*Instructions to follow*: The records that follow are to be repeated exactly, with no pictures carried over.

Segment Start: Given data

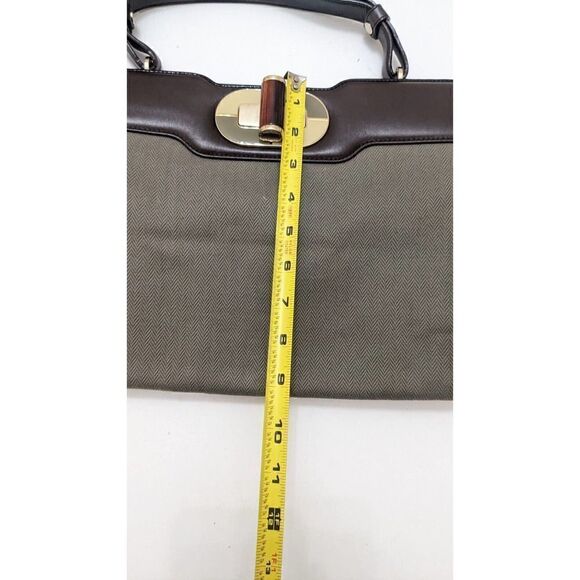 Authentic BVLGARI Isabella Rosselini Gray Brown Multi Jacquard Leather Handbag - Picture 10 of 11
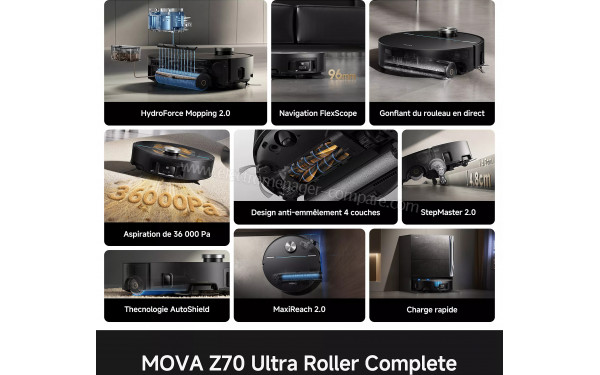 MOVA Z70 Ultra Roller Complete Noir Pierre Naturelle - Mise en situation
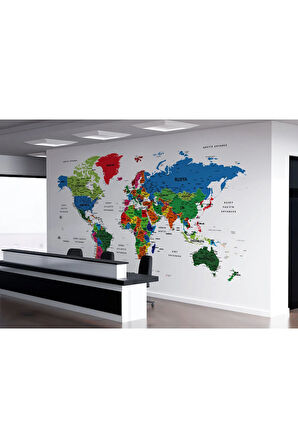 Oxyteez   Türkçe Dünya Haritası Dekoratif Duvar Kağıdı Son Derece Detaylı-1635 1635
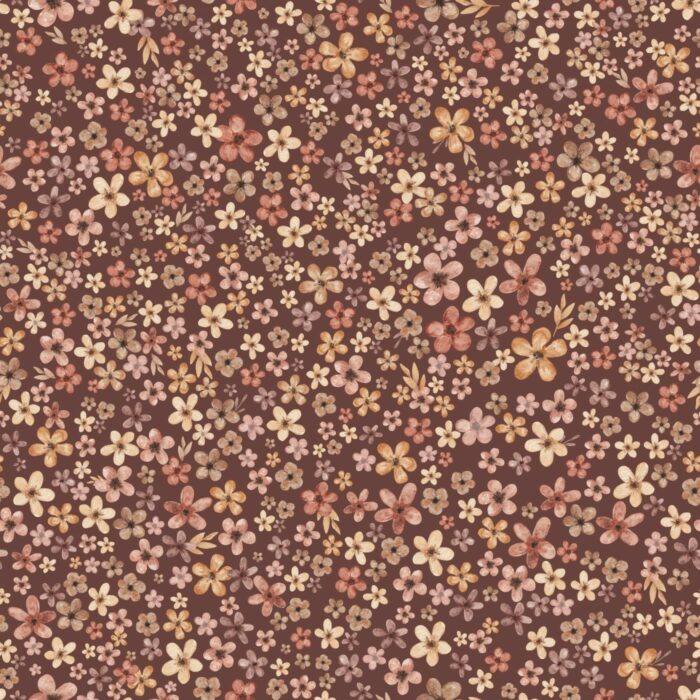 Tissu Imprimé Fleurs Prairie Chocolat, 7 tissus au choix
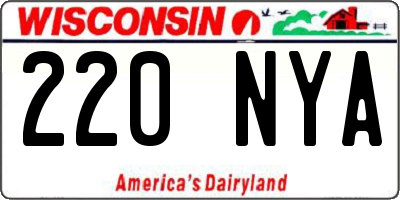 WI license plate 220NYA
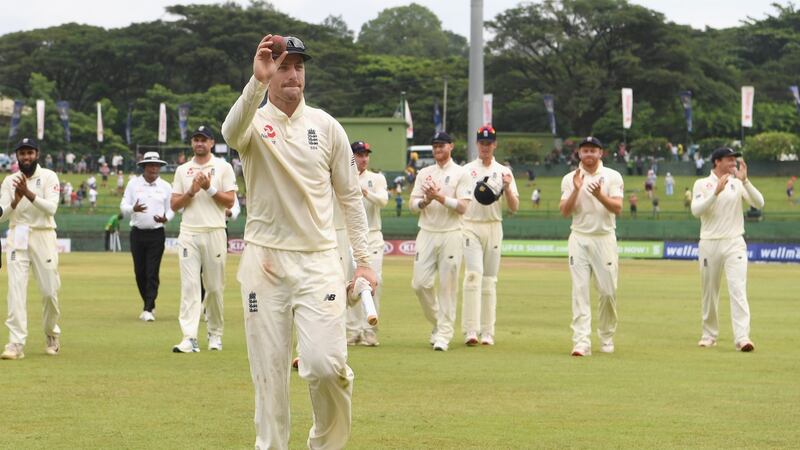 Jack Leach leaves the pitch in Pallekele after taking five sedond innings wickets. Photograph: Stu Forster/Getty
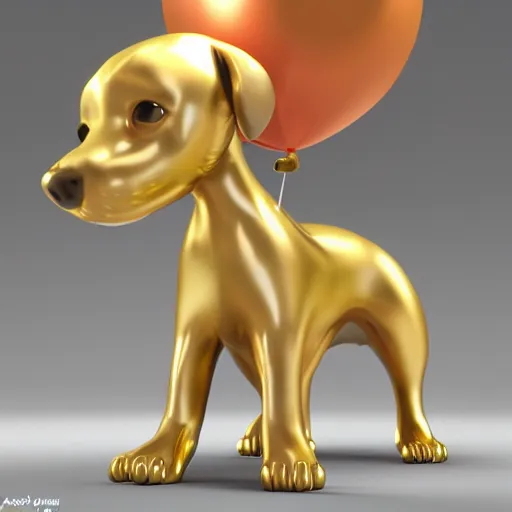 Image similar to 3D render of a Gold balloon dog, white background, art by artgerm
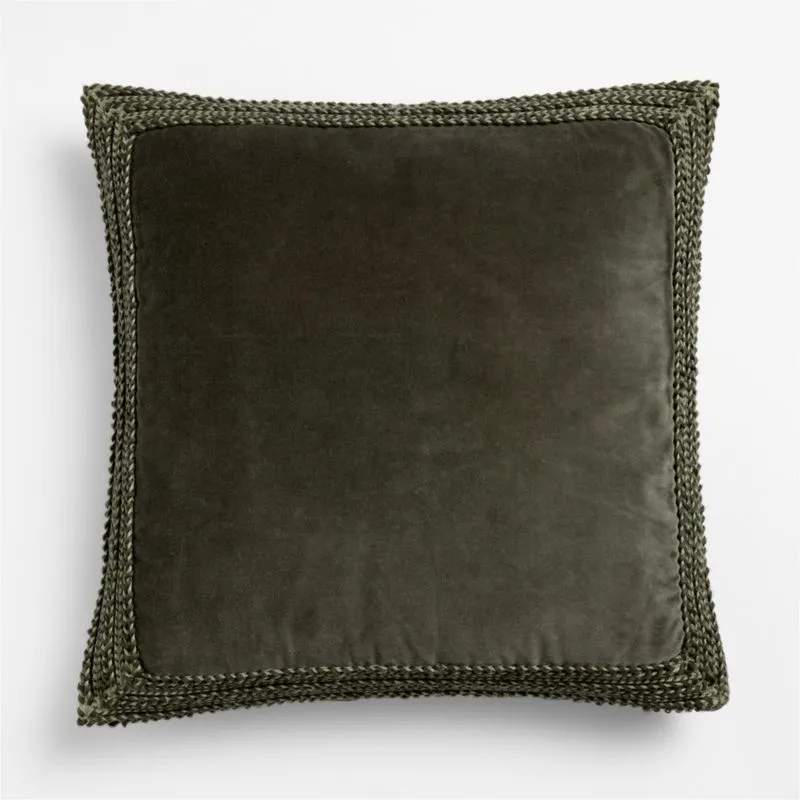 Braided Velvet Border 23"x23" Burnt Green Throw Pillow Cover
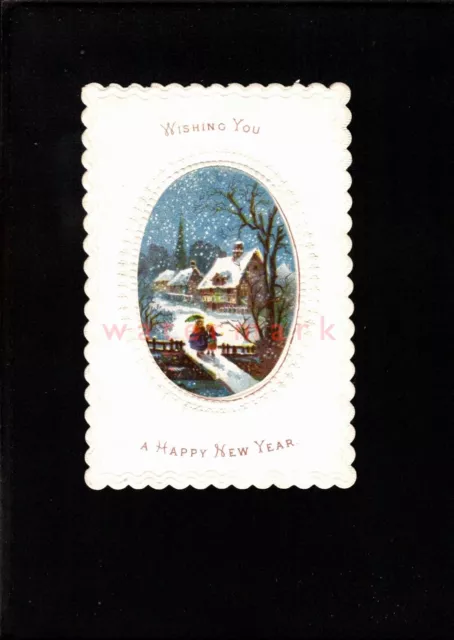 VICTORIAN GREETING CARD Mansell WINTER SCENE SNOWY RURAL VILLAGE 1860s - 307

Segment End: Given data

*Response below*:
 Authentic BVLGARI Isabella Rosselini Gray Brown Multi Jacquard Leather Handbag - Picture 10 of 11
 MOVA Z70 Ultra Roller Complete Noir Pierre Naturelle - Mise en situation
 Oxyteez   Türkçe Dünya Haritası Dekoratif Duvar Kağıdı Son Derece Detaylı-1635 1635
 Tissu Imprimé Fleurs Prairie Chocolat, 7 tissus au choix
 WI license plate 220NYA
 Jack Leach leaves the pitch in Pallekele after taking five sedond innings wickets. Photograph: Stu Forster/Getty
 Image similar to 3D render of a Gold balloon dog, white background, art by artgerm
 Braided Velvet Border 23"x23" Burnt Green Throw Pillow Cover
 VICTORIAN GREETING CARD Mansell WINTER SCENE SNOWY RURAL VILLAGE 1860s - 307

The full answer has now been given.